The oil price is on the way down
That's what we all thought, but have a look at what happened on Wall St overnight:

Oil soars to new high over $US138

Crude oil surged more than $US10 a barrel to a record as the dollar weakened after the US unemployment rate grew the most in two decades, rising tensions in the Middle East and Morgan Stanley said prices may reach $US150 within a month.

Oil may "spike'' because "Asia is taking an unprecedented share'' of Middle East exports, Morgan Stanley analyst Ole Slorer wrote.

The US dollar weakened against the euro after unemployment rose to 5.5 percent, signaling the Federal Reserve may be reluctant to increase interest rates.

Oil also rose after an Israeli minister said an attack on Iran may be necessary.

Oil is "being used as a hedge by speculative buyers for the weakened dollar,'' said Gary Adams, vice chairman of oil and gas consulting at Deloitte & Touche in Houston. "We are seeing that the price will continue to go up as investors look for alternatives.''

Crude oil for July delivery rose $US10.75, or 8.4%, to settle at $US138.54 on the New York Mercantile Exchange.

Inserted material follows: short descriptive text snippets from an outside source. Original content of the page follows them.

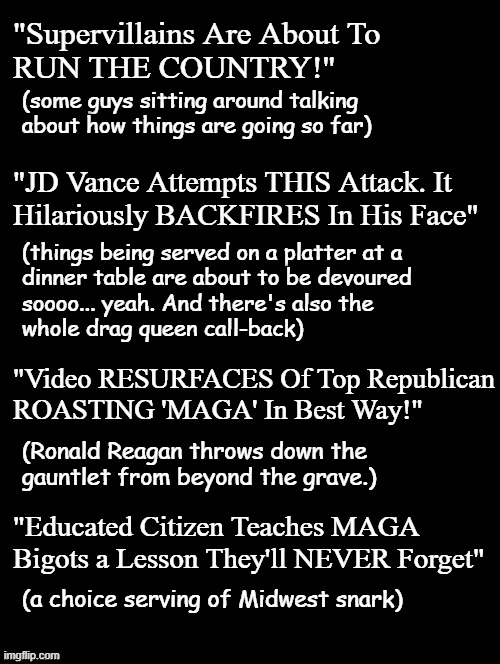 Heya, Trump-cult kids, I've some YT searches for you. Watch the videos; you might actually learn something. | "Supervillains Are About To
RUN THE COUNTRY!"; (some guys sitting around talking about how things are going so far); "JD Vance Attempts THIS Attack. It
Hilariously BACKFIRES In His Face"; (things being served on a platter at a
dinner table are about to be devoured
soooo... yeah. And there's also the
whole drag queen call-back); "Video RESURFACES Of Top Republican
ROASTING 'MAGA' In Best Way!"; (Ronald Reagan throws down the
gauntlet from beyond the grave.); "Educated Citizen Teaches MAGA Bigots a Lesson They'll NEVER Forget"; (a choice serving of Midwest snark) | image tagged in youtube,snarky,hilarious,wicked,burns | made w/ Imgflip meme maker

Friday's increase was the biggest gain in US dollar terms ever and the largest on a percentage basis since June 1996. Oil rose $US11.33 to an all-time high $US139.12 a barrel during trading.

Today's rise was bigger than the entire price of oil on December 10, 1998, when crude traded at $US10.72 a barrel. Oil has more than doubled in the past year.

"This is all just a plain old stampede,'' Tim Evans, an energy analyst for Citi Futures Perspective in New York, said. "The sellers have basically pulled their orders so it doesn't take much incremental buying to push prices higher.''

Petrol for July delivery rose 21.35 cents, or 6.4%, to $US3.548 a gallon in New York after reaching a record $US3.565. Regular petrol at the pump fell 0.3 cent to an average $US3.986 a gallon after touching a record Thursday, AAA, the biggest US motoring organisation, said.

Shaul Mofaz, Israel's Transportation Minister and a contender for the post of prime minister, told the Yediot Ahronot daily newspaper that Israel will have to attack Iran if it doesn't abandon its nuclear-development program.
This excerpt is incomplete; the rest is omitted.